Controverse au Pays de Galles: Ryan Giggs, empêtré dans une affaire de violences conjugales, a décidé de disparaître et l'a fait savoir à sa hiérarchie. Un poids trop lourd à porter pour le légendaire ailier de Manchester United.
L'icône de ManU fut élue joueur du siècle par les supporters. Mais sa fidélité au club n'a pas trouvé de prolongement dans le mariage. Tromperies et climat tendu à la maison, Ryan Giggs n'en menait pas large dans sa vie privée.
A l'instar d'un politique ou d'une star de cinéma, le sportif est soumis à un jugement constant. Mais le grand bain populaire oublie souvent que derrière la figure culte se cache un homme. N'entend-on pas à maintes reprises: «La face cachée de l'homme aux dix titres» ou «derrière le sourire, une face plus sombre»? C'est souvent vérifié. Ces innombrables faces cachées ne font qu'attiser la curiosité et participent à un genre de folklore de notre ère, celui qui consiste à démontrer que les célébrités sont comme nous.
La vitrine médiatique fait souvent disparaître l'arrière-boutique. Les vampires des réseaux sociaux ne le comprennent pas, ou préfèrent ne pas le comprendre. Pour eux, une star n'a pas de failles. Et bien que tout le monde le sache, en 2022 encore plus qu'avant, porter un personnage aux nues, c'est risquer de tomber de haut un jour.
Derrière le terme idole se cache le divin, le spirituel, d'un idéal qui pousse à la vénération. Un mot puissant qui prend des airs de figure christique. Giggs incarne la nostalgie, le fidèle lieutenant de Sir Alex Ferguson, membre d'une génération mancunienne dorée. Impensable pour certains de voir l'ombre d'un homme assombrir la lumière d'un grand joueur. Carl Gustav Jung écrivait qu'«il n’y a pas de lumière sans ombre et pas de totalité psychique sans imperfection».

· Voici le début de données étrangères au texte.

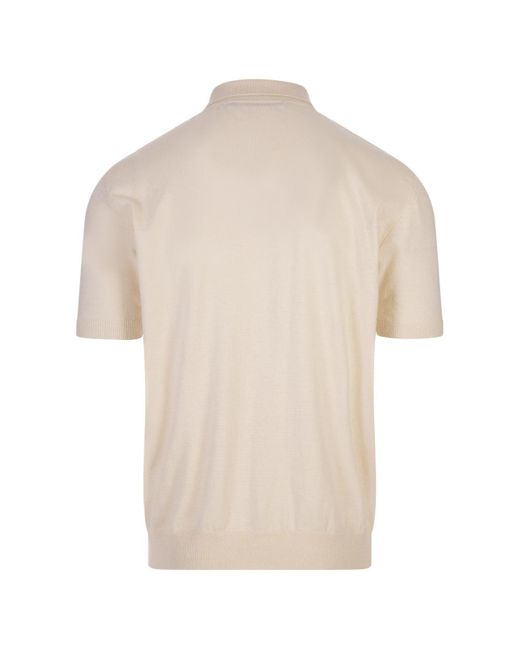 Barrow White Dove Knitted Polo Shirt With Crochet Applications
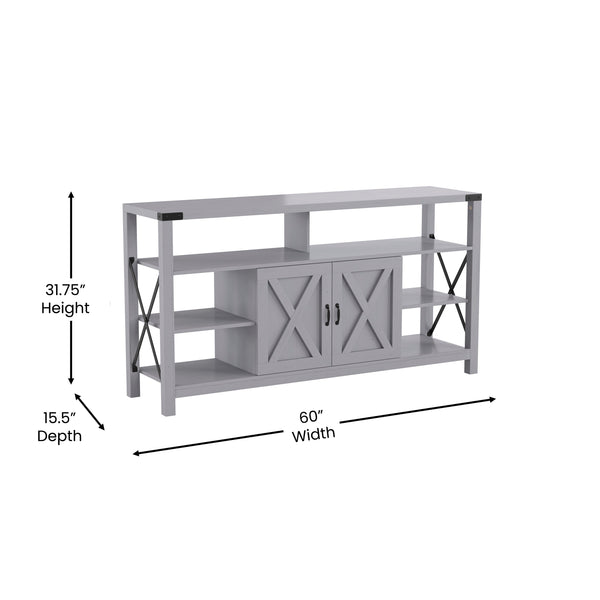 Coastal Gray |#| TV Stand for up to 60inch TV's with Adjustable Shelf and Storage - Coastal Gray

Cette imperfection se conjugue avec les souvenirs de fans. Le sportif représente une forme de surestimation, d’idéalisation, d’absence de critique, et parfois de déni ou de soumission qui colle à l'imaginaire collectif. Alors, Ryan Giggs, pris en flagrant délit d'adultère, a servi ce plateau de qualificatifs à bien des amoureux de foot. Mais désormais, il est redescendu et descendu par les suiveurs. On peut lire sous l'article pondu par So Foot, un internaute écrire: «Quelle déception ce genre de décalage entre le joueur et l'homme».
Alors, l'idole n'est plus intouchable. Elle tombe de son piédestal et sa carrière rompt sous les commentaires déçus. Pas de colère, mais de la déception. A raison, puisque ces athlètes qui reflètent l'excellence et la performance, plus qu'un artiste par exemple, ne sont pas en droit de fauter. L'argent, la gloire et les privilèges qui les accompagnent peuvent se retourner contre eux.
Faut-il donc affubler à l'idole le terme d'icône? C'est la conclusion de l'essayiste Jean-Guilhem Xerri: «Si la première (l'idole) sature le manque, fixe le regard et attache à elle-même, la seconde (l'icône) ne fige jamais dans le visible».
La définition du mot icône est plus convenable à accoler à l'ancien joueur et sélectionneur déchu. Le Larousse en parle comme d'un signe qui est dans un rapport de ressemblance avec la réalité extérieure.
L'extérieur, le monde noirci par les vilenies et les imperfections de la race humaine; une méditation de notre condition et de nos actes. Aux yeux du public, Giggs, comme bien d'autres, souffre de cette étiquette du sportif à la carrière exemplaire. Les à-côtés, tant qu'ils sont tus, importent peu au fan lambda. Mais attention au dérapage: une frasque et le jugement dernier sonnera. Le tribunal public (ou des réseaux sociaux) n'en rate pas une, surtout quand l'erreur est grossière. Sans aucun doute, un Roger Federer, au premier gros et hypothétique écart, n'échappera pas à la déferlante, et l'idole nationale se transformera en brebis galeuse.
Ces critiques et mises au ban font dire à une ribambelle de psychiatres que l'être humain projette un Moi fantasmé – ou incomplet – celui qu'on aimerait être. Les supporters, et leur besoin de vivre à travers leur idole, n'hésitent pas, après s'être agenouillés, à mettre à genoux leur raison de vibrer dans les stades.